Sviluppo - Quale il futuro della Triennale post-Expo?

I maker e il design al centro del progetto.

Una piccola Expo l’anno dopo di Expo, con la differenza che si terrà in varie parti di Milano e non richiederà la costruzione di enormi padiglioni fuori città. Sarà dedicata al design e alla nuova industria (interconnessa, come la chiamano negli Usa, o 4.0, secondo la definizione tedesca) e attirerà architetti ma anche molti makers, i nuovi artigiani che armeggiano con le stampanti 3D. È così che gli organizzatori immaginano la ventunesima Triennale internazionale di Milano. Comincerà nell’aprile 2016, una settimana prima del Salone del Mobile, e finirà il weekend del Gp di Monza, a settembre. 
Il legame con Expo sta nel fatto che la Triennale internazionale è l’unica istituzione culturale riconosciuta in via permanente dal Bie, il Bureau International des Expositions che organizza le esposizioni universali. Il tema è il “Design After Design”. «La parola chiave è “after”, che significa sia “dopo”, e quindi cercheremo di capire come sarà il design negli anni a venire; ma significa anche “contro": la gente si interroga sul fatto che sia sommersa da cose “disegnate”», commenta De Albertis.

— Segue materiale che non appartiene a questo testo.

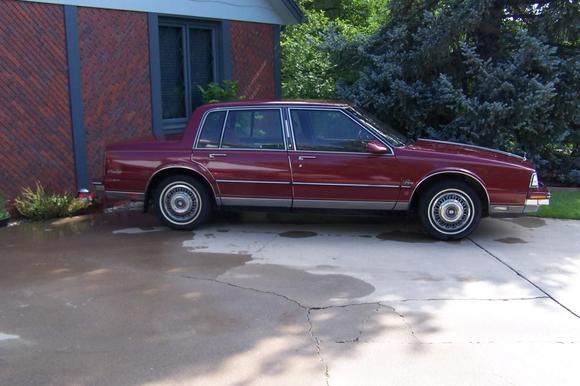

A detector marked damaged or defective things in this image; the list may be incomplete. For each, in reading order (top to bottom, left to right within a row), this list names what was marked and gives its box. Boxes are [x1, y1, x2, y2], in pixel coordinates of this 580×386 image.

crack in concrete [466, 238, 580, 320]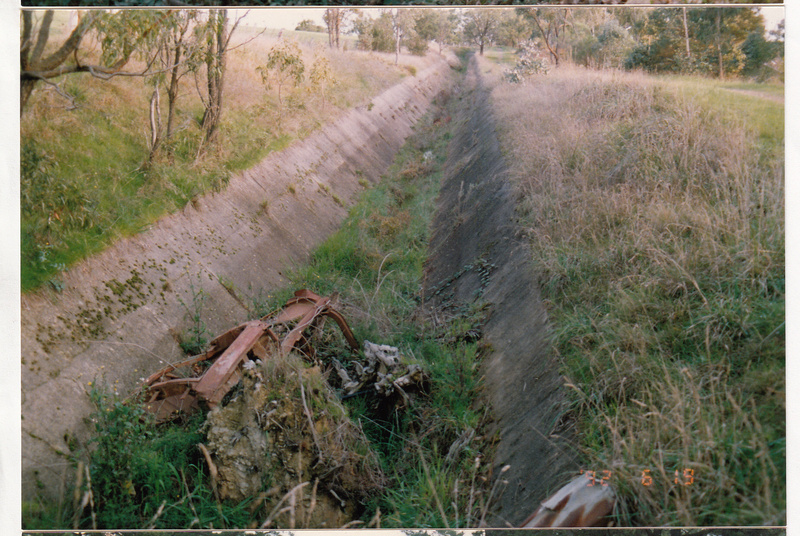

A differenza delle passate edizioni, che si tennero alla Triennale (ma che diedero contributi al resto della città, come il quartiere QT8 di Milani), la XXI edizione si svolgerà in varie parti della città: l’ex Ansaldo, l’Hangar Bicocca, la Fabbrica del Vapore, l’Università Iulm, il Campus del Politecnico, il Museo delle culture e il Museo nazionale della scienza e della tecnologia.